# Kaiserschmarren, a hearty treat from the Alps



## urmaniac13 (Aug 24, 2006)

This is a delicious eggy pancakes/pancaky omelette broken down in bite sizes very popular around the alpine region in the northern Italy also in Austria. You can also make a savoury version with the same base without sugar and other additions like cheese, chives, potatoes, speck, mushrooms etc. However I definetely recommend this sweet version for a first try!!

(please ignore the knodeln-bread dumpling in front of the cranberry comport for the time being... that is another delicacy, I will post a recipe for that separately soon!!)






*Kaiserschmarren*

Ingredients to feed 4 hungry people

100g(3,5oz) sultana/raisins
6tbsp of rum
8 eggs, separated
8tbsp sugar
vanilla essence
2 pinches of salt
100g (3,5oz) flour
200ml (7 oz) milk
125g (4+oz, or 1 stick?) butter
100g almond slivers
powdered sugar
your choice of fruit comport or jam 

Rince the sultanas(raisins) with cold water, drain well and soak in the rum.
Whip the eggwhite, gradually adding 4 tbsp of sugar, until firm.
Beat together the yolk, 4tbsp of sugar, salt and a drop or two of vanilla.
Add to the yolk mixture the flour, then milk, and the sultanas, mix well.
Finally, gently fold in the whipped eggwhite.

Melt half of the butter in a large skillet. (preferably cast iron)
When the skillet and the butter is well heated, pour in the mixture.
When the bottom side becomes golden brown, roughly cut up the mixture, using a spatula or large fork, to something like bite sizes or slightly bigger.
Add another half of butter and almonds, toss around and cook until they are nicely golden brown all round.
Generously coat with powdered sugar before serving, serve with your favourite fruit comport or jam, enjoy them while piping hot!!

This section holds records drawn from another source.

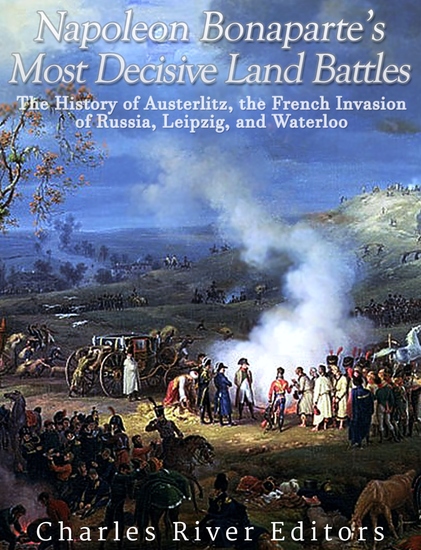 Napoleon Bonaparte’s Most Decisive Land Battles - The History of Austerlitz the French Invasion of Russia Leipzig and Waterloo - cover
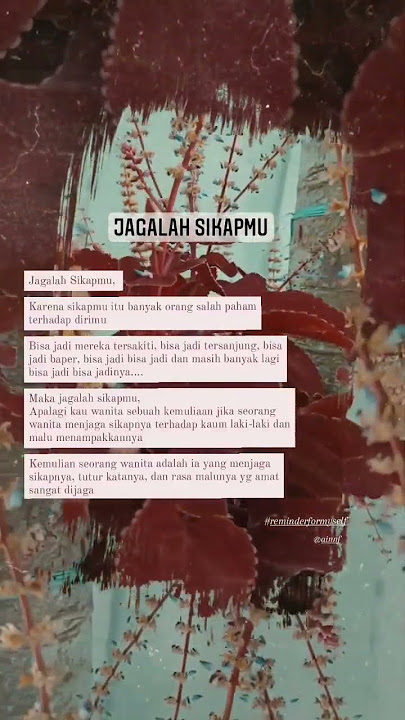 JAGA SIKAPMU #motivasi #kemuliaan JADILAH WANITA YANG MULIA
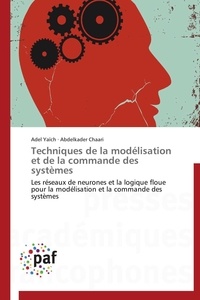  Collectif - Techniques de la modélisation et de la commande des systèmes.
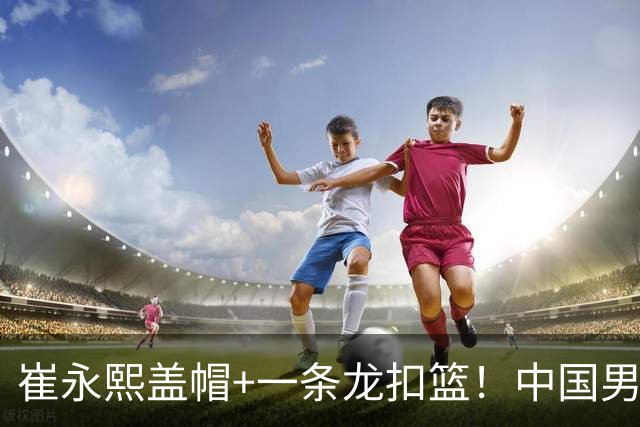 崔永熙盖帽+一条龙扣篮！中国男篮热身赛：半场领先澳大利亚2分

(the version we tried was without sultanas and almonds, but they were still very delicious, but we will definetely try it with them, I am sure they are even better...)


----------



## kadesma (Aug 24, 2006)

_Licia,_
_this looks so good..And I have the perfect excuse to make it...Cade,Ethan,Carson...I can see them now, fighting off DH for their share ..The kids are gonna love this._

_kadesma _


----------



## urmaniac13 (Aug 24, 2006)

Yes CJ, this is definitely a kids friendly dish, I was even thinking of trying it with Guido!!  I hope you guys will enjoy it, it is soooo yummy!!


----------



## licia (Aug 24, 2006)

I'd love to try it once I work out the conversion on it.


----------



## urmaniac13 (Aug 24, 2006)

Oops, sorry Licia, I always take care to list two types of measurements, but if I missed something or anything is not clear for you let me know, I will be glad to explain!!


----------



## Satish Dayal (Apr 16, 2007)

Please use one measuring system only. I mean why specify sugar by the table spoons when everything else is in gms/ozs..
Thanks & regards
Satish Dayal


----------



## licia (Apr 16, 2007)

I had forgotten about this recipe. I still need to get a scale. It seems more and more recipes are done in ounces and I'm not good at converting.


----------



## urmaniac13 (Apr 16, 2007)

Licia, this recipe is quite forgiving, so the amount of ingredient can be pretty much adjustable, plus if you are used to making pancakes and omelette type egg dishes, you can sort of eyeball the consistency.
In this recipe 100g flour and 200ml milk are both pretty much 1 cup each + or -, and other ingredients like almonds and sultanas, you can just add how much or how little you would like.
Don't be shy and give it a try!!  You will be glad that you did!!


----------



## turtledove (Apr 16, 2007)

This is like what my in-laws make called Oliballen. Kind of a Dutch fritter.


----------